Some common issues I run into.
1. Disk space usage – usually a result of binary logs hogging up space. Usually alleviated by setting expire_logs_day=n but in some cases the server sees so much traffic it can fill up before n days is reached. Hence the usual method of “mysql> purge master logs to ‘log-name.xxx’;”
2. Replication issues: seconds behind master too high, duplicate key errors, local data infile associated errors
3. Users need more accounts and don’t have grant options to create new ones. Trivial but menial labor. Meh.
4. Connection limits – someone decides not to use connection pooling or persistent connections, therefore we see some stale connections just hanging out and using up the max_connections variable. Please use connection pooling / persistence.
5. Latency – usually comes into play with MySQL Cluster setups where the management node misses heartbeats from the data/storage nodes.

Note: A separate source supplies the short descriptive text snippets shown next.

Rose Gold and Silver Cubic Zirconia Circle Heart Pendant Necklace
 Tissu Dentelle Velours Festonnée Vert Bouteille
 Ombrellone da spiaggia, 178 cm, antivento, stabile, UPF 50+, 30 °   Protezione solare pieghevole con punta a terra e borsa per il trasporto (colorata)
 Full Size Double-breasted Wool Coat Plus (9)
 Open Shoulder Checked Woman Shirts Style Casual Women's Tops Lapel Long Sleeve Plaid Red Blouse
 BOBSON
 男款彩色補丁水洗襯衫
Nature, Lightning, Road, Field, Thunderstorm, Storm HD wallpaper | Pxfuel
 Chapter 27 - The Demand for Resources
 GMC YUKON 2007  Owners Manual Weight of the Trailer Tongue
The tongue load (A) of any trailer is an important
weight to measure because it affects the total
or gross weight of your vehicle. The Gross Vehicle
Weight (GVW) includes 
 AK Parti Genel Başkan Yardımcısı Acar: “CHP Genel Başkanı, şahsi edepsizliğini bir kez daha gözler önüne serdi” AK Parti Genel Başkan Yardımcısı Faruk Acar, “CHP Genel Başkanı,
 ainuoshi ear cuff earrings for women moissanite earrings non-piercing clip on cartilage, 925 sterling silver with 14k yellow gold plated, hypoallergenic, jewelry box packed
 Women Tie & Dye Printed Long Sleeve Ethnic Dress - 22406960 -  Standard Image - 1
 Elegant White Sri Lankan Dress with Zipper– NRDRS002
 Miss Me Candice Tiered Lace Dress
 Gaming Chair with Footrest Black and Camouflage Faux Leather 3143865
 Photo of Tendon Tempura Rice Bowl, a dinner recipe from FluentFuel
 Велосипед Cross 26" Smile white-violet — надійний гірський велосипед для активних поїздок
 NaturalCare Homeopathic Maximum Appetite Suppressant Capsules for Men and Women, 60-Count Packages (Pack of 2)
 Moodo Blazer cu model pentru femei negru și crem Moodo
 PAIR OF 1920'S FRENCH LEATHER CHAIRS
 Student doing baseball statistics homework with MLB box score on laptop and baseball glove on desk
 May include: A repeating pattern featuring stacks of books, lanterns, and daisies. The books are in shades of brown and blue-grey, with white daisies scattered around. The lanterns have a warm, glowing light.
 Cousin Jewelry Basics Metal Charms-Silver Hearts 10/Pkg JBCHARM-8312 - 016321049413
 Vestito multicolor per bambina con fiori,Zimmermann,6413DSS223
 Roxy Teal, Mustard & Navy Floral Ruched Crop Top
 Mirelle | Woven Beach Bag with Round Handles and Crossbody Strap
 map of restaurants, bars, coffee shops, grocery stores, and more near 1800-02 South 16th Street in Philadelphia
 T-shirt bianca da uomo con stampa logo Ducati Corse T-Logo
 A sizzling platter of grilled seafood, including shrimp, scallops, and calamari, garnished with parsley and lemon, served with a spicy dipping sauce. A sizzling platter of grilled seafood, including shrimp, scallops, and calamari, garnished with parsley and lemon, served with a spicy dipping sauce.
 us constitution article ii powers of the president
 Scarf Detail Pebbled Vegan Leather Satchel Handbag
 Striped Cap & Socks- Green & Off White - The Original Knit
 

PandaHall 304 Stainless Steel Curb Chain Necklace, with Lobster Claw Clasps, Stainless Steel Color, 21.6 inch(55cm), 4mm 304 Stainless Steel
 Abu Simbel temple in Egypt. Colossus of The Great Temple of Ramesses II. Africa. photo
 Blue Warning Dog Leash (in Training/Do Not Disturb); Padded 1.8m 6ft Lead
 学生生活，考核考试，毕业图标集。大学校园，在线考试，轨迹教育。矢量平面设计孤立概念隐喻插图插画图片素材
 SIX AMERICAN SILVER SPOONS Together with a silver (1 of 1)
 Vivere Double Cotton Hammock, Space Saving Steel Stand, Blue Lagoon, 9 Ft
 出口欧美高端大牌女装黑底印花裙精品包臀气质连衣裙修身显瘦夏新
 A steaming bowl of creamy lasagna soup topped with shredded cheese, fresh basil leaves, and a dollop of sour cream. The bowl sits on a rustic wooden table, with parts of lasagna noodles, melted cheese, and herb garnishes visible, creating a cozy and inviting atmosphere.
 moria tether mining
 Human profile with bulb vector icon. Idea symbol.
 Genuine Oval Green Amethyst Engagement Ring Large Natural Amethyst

Solution: faster interconnects and vlans that separate traffic – or bonded NICs to aggregate bandwidth. Easier said than done depending on who runs the network.
6. RAM: please get as much ram as you can afford, then you can complain to your DBA about performance.
7. Using MyISAM when you should be using InnoDB. Sure your application may not use transactions but in many cases, almost all, InnoDB will perform better – especially if you have lots of RAM. Crash recovery? Yes, InnoDB is better at that as well.
8. BackupĀ processes taking too long. I need to have alternate scripts that make use of mysql-parallel-dump. End of story.